++++ Information shown

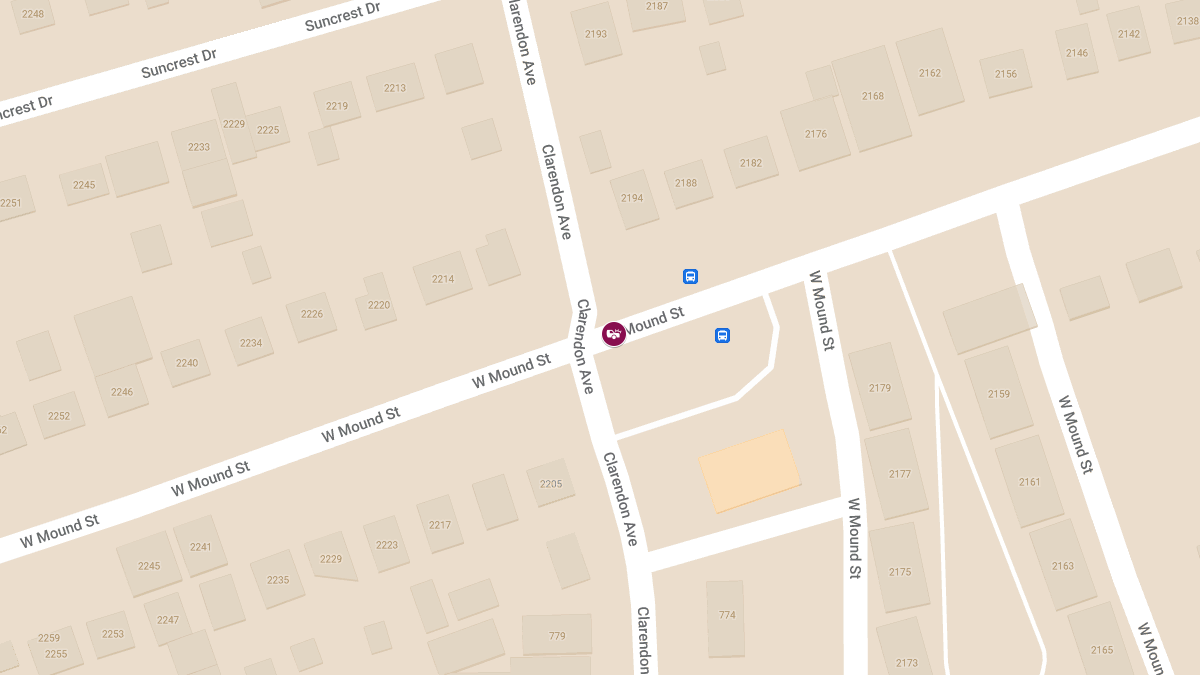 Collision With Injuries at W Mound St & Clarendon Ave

++++++++
++++ Information shown

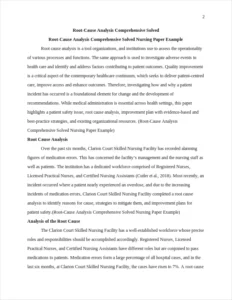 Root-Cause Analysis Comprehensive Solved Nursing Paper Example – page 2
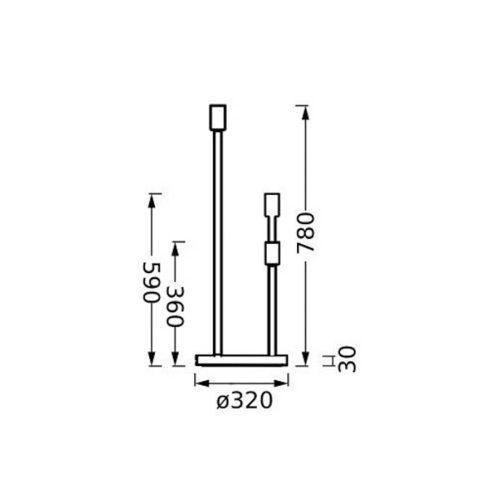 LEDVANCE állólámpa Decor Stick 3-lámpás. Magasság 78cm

++++++++
++++ Information shown

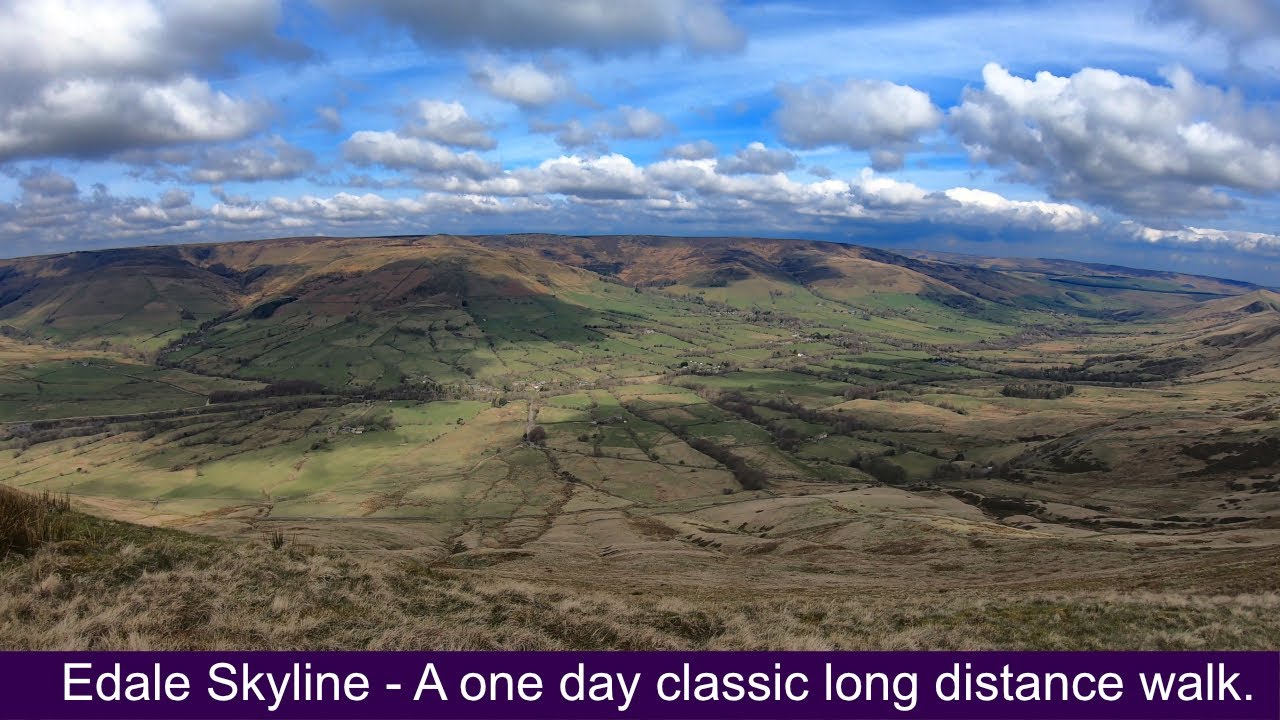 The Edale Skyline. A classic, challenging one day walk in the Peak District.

++++++++

== The problem ==
Could you repeat, exactly, only the lines above starting at the one that has "Root-Cause Analysis Comprehensive" and stopping after the one that has "LEDVANCE állólámpa Decor", without the pictures?

== Solution to this task ==
 Root-Cause Analysis Comprehensive Solved Nursing Paper Example – page 2
 LEDVANCE állólámpa Decor Stick 3-lámpás. Magasság 78cm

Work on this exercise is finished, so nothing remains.